ON THE LINE OF CONTROL: The army captain whose government is building the controversial barrier says that, when completed, it will protect his people from attacks by extremists.
Once the high-tech fence is finished, militants will no longer be able to cross into his side of the disputed territory and kill his soldiers and civilians, he says.
On the other side of the barrier, anguished Muslim villagers protest that it is taking their land and cutting them off from their loved ones.
The day before the world court ruled on Israel's separation barrier in the West Bank, the arguments, so regularly rehearsed, certainly sound familiar. But this fence, running for almost 1,000 kilometres, is in Kashmir. And the two sides at loggerheads are India and Pakistan, not Israel and the Palestinians.
"Once infiltration stops, we will be able to finish off militancy in (occupied) Kashmir in no time," Indian Army Captain Sachin, who uses only one name, said at Sonapindi, a post 3,350 metres high in the Himalayas overlooking Azad Kashmir.
The fence - which features Israeli-designed ground sensors that signal movement - includes two rows of barbed wire that are partly electrified. And landmines line the ground to maim anyone who makes it across.
India began trying to erect the fence after the 1999 Kargil conflict, but work ground to a halt due to firing from the other side. And it appeared the fence would remain unbuilt. However, in November, Pakistan and India agreed a ceasefire in Kashmir - ending nearly daily shelling between the two countries - since when India has hurried to finish the fence.

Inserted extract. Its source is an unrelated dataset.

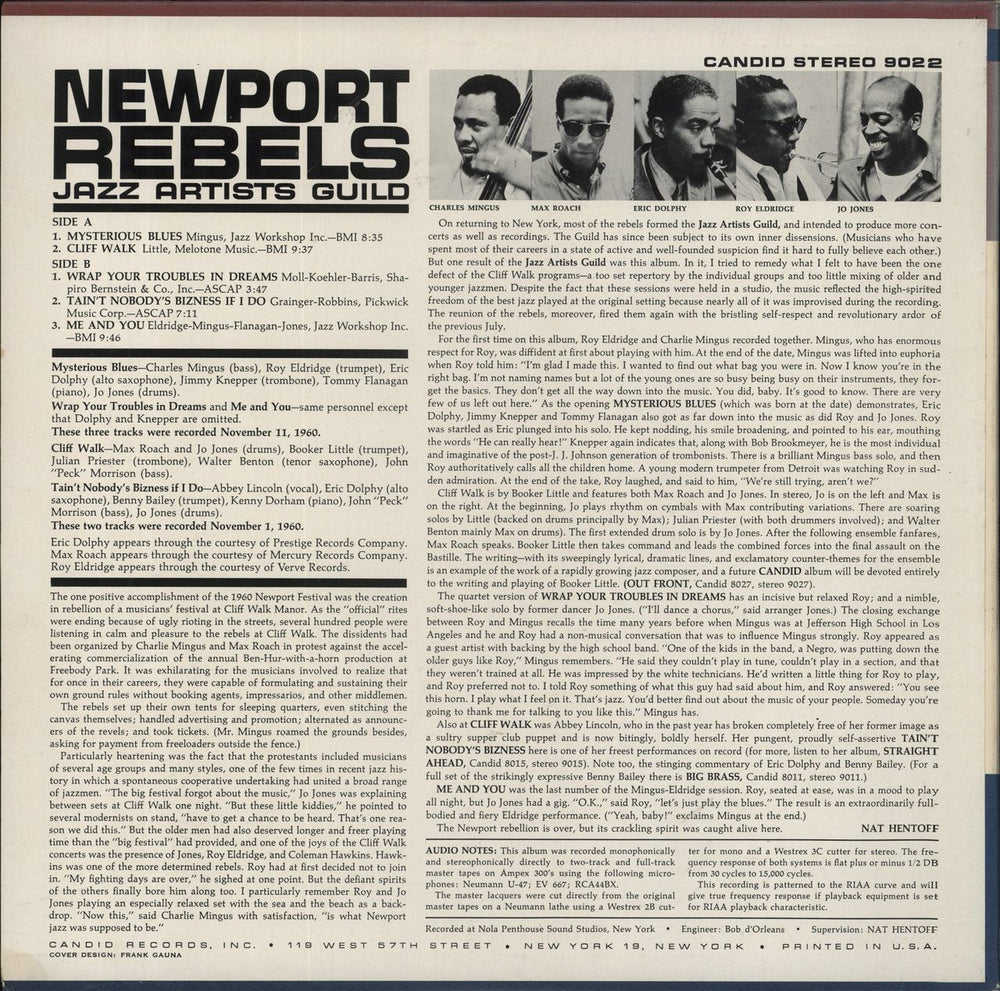 Various-Jazz Newport Rebels US vinyl LP album (LP record)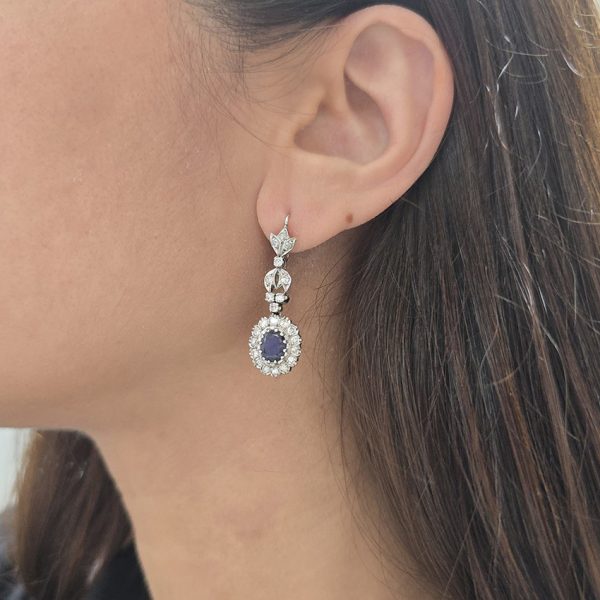 Vintage Sapphire and Diamond Cluster Drop Earrings, pair of pre-owned sapphire and diamond drop earrings in 18ct white gold to 12ct gold wire backs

Pakistan continues to formally protest the fence building, saying it violates 1949 and 1972 agreements, but has toned down its rhetoric and done nothing to stop the construction.
Referring to the Line of Control (LoC), foreign ministry spokesman Masood Khan said: "This fence is not altering the status of the LoC, the LoC remains there, but there is no justification for building or constructing a fence that is creating so much misunderstanding between the two countries."
He denied that the lack of concerted action by Pakistan to stop the fence being built was tacit approval for its construction.
"Pakistan has not given any approval - tacit or explicit - to the Indian government for continuing with ... the fence." But the issue had to be seen in a wider context, he said. Rather than take India to the world court, as the Palestinians did with Israel, Pakistan is seeking dialogue.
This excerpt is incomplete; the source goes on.